Tantôt, ce sont des questions existentielles drôlement pertinentes que Séguin se pose à travers ses œuvres. Où va l’instant? nous rappelle que nous ne prêtons pas toujours assez attention à ce que l’on nous dit, ce qui n’était vraiment pas le cas hier soir. Qualité d’écoute fabuleuse de la foule. Le chanteur l’a d’ailleurs noté en fin de spectacle.

Il y a aussi la désormais incontournable Qu’est-ce qu’on leur laisse?, que l’artiste a dédiée aux organisatrices du mouvement Mères au front, qui vise à protéger l’avenir climatique de leurs enfants et petits-enfants. Le lien était évident avec l’une des nouvelles compositions, Chemins forestiers, et son ouverture aussi dénonciatrice que lapidaire : Un langage de ministères, tout s’écrase aux quatre ans/L’avenir au cimetière, juste derrière les coupes à blanc. Les lieux, il faut en convenir, ne sont pas toujours laissés en bon état…

Dans une forme resplendissante, en voix et en verve après cinq ans d’absence de la scène, Séguin s’est offert une forme de relecture de Double vie, qu’il n’avait pas jouée sur scène – à Montréal en tout cas – depuis plus de 10 ans. Godin a amorcé la mise en bouche avec une guitare hawaïenne, et D’Amours lui a donné la réplique au banjo. Avec Séguin qui dirigeait le jeu au centre, nous avons peut-être eu droit à la version la plus terroir de ce monument.

Richard Séguin, guitare à la main, sourit à la foule.

Richard Séguin a ouvert le spectacle avec la chanson «Rester debout», comme lors de son concert du 20 mars 1996 au Spectrum.

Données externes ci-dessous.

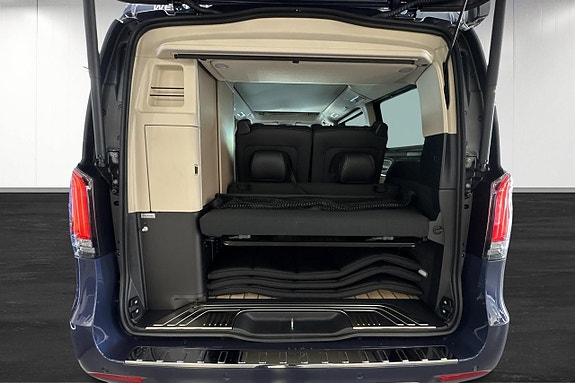 Mercedes-Benz V300 19 of 23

Photo : Agence Stock Photo / Jean-François LeBlanc

Tranquillement, à mesure que le concert avançait, les chansons archiconnues cédaient la place aux nouveautés. Non seulement le tout était d’une fluidité étonnante, mais on sentait que les spectateurs et spectatrices voulaient autant découvrir les nouvelles compositions sur scène que réentendre les anciennes.

Séguin nous a fait voyager à Kuujjuaq (Besoin du Nord) et il a aussi piqué droit au sud, chez nos voisins américains, pour nous ramener à Jack Kerouac, qui pleurait tout le temps en français, et à L’ange vagabond.

Combien de fois avons-nous entendu cette introduction à l’harmonica qui nous fait toujours frissonner? Encore une fois, la magie a opéré, et la complémentarité du groupe nous a fait – vraiment – vagabonder. Une version à rallonge dont la conclusion a mené à une ovation debout.

Personne n’a eu à se rasseoir, puisque c’était le temps de revivre la Journée d’Amérique, fougueuse et vivifiante au possible, qui me fait toujours autant d’effet qu’en 1988. Un autre lieu, tiens. Montréal et ses ruelles. Rappelez-vous le clip d’antan.

Bonne idée, finalement, de nous ramener en ville avant le rappel. Quand Séguin a conclu la soirée, seul sur scène, sans aucun accompagnement musical, nous savions que le seul lieu où nous voulions être, c’était au Théâtre Outremont.